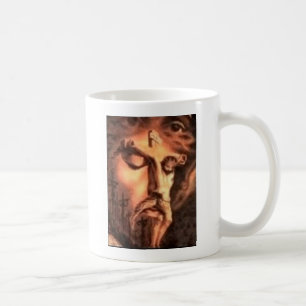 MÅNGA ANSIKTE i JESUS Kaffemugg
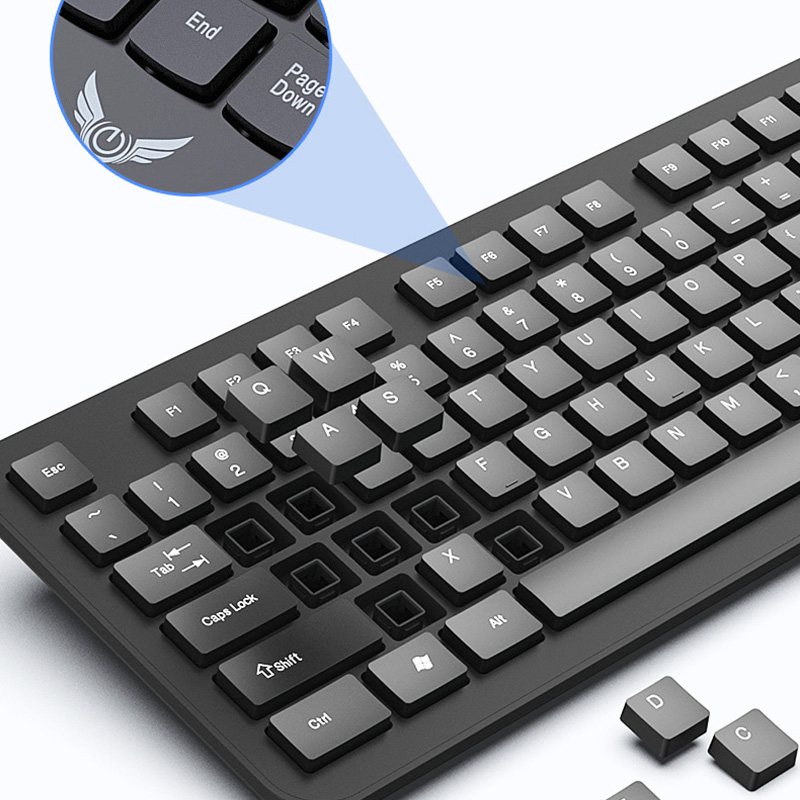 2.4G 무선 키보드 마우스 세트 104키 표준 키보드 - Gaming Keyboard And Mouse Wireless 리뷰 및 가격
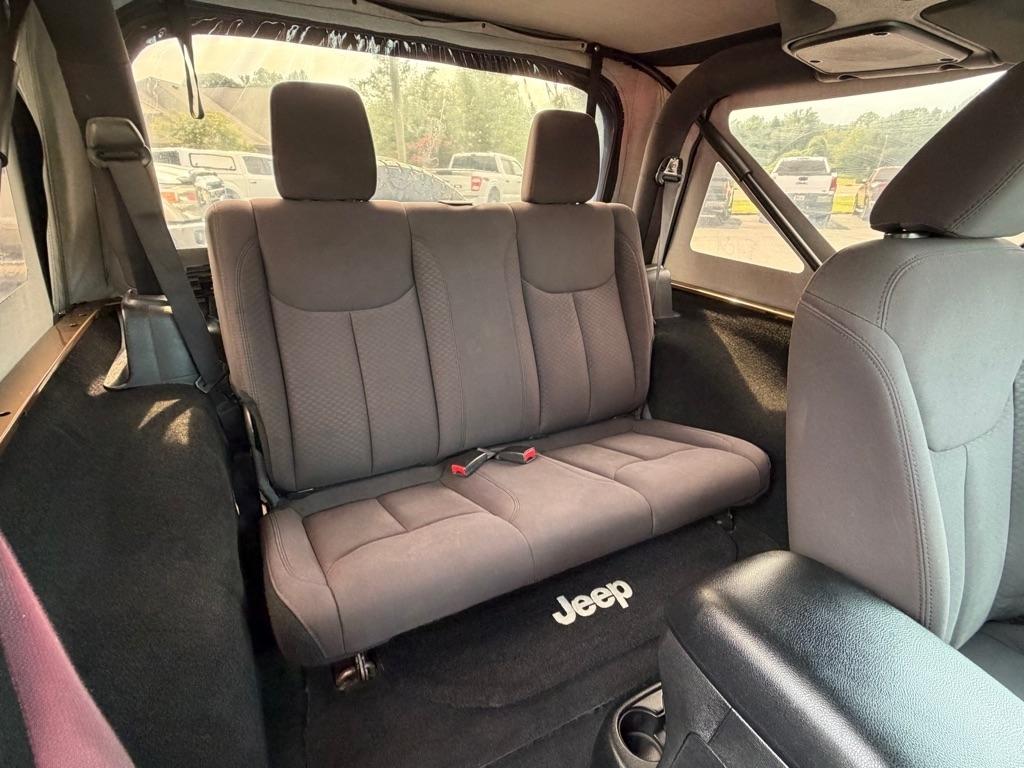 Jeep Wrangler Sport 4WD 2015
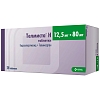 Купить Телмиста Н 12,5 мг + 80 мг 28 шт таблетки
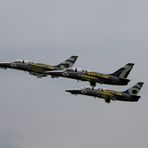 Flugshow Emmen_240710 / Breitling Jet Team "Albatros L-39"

ASSIGNMENT → Output every record above word for word, omitting any pictures they contain.

ANSWER TO THE EXERCISE →
 MÅNGA ANSIKTE i JESUS Kaffemugg
 2.4G 무선 키보드 마우스 세트 104키 표준 키보드 - Gaming Keyboard And Mouse Wireless 리뷰 및 가격
 Jeep Wrangler Sport 4WD 2015
 Купить Телмиста Н 12,5 мг + 80 мг 28 шт таблетки
 Flugshow Emmen_240710 / Breitling Jet Team "Albatros L-39"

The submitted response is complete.